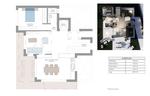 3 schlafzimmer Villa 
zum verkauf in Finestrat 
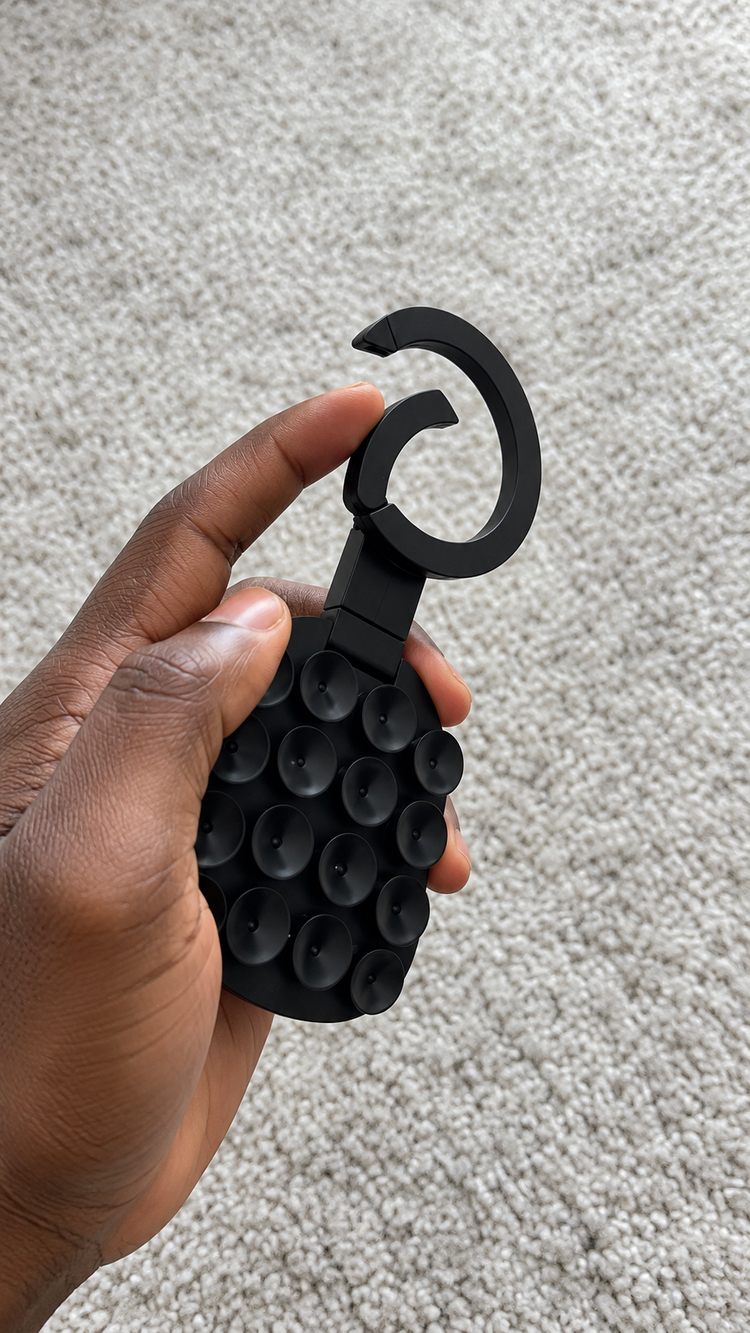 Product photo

---

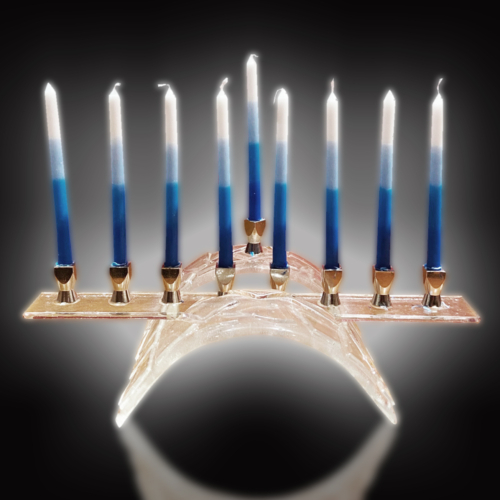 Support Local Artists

==

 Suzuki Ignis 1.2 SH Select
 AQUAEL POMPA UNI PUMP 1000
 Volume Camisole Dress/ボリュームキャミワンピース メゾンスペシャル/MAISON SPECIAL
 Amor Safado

● What you will do
The output is the stretch above from the line with "3 schlafzimmer Villa" through the line with "Product photo", copied word for word with both ends kept and every picture dropped.

● Answer box
 3 schlafzimmer Villa 
zum verkauf in Finestrat 
 Product photo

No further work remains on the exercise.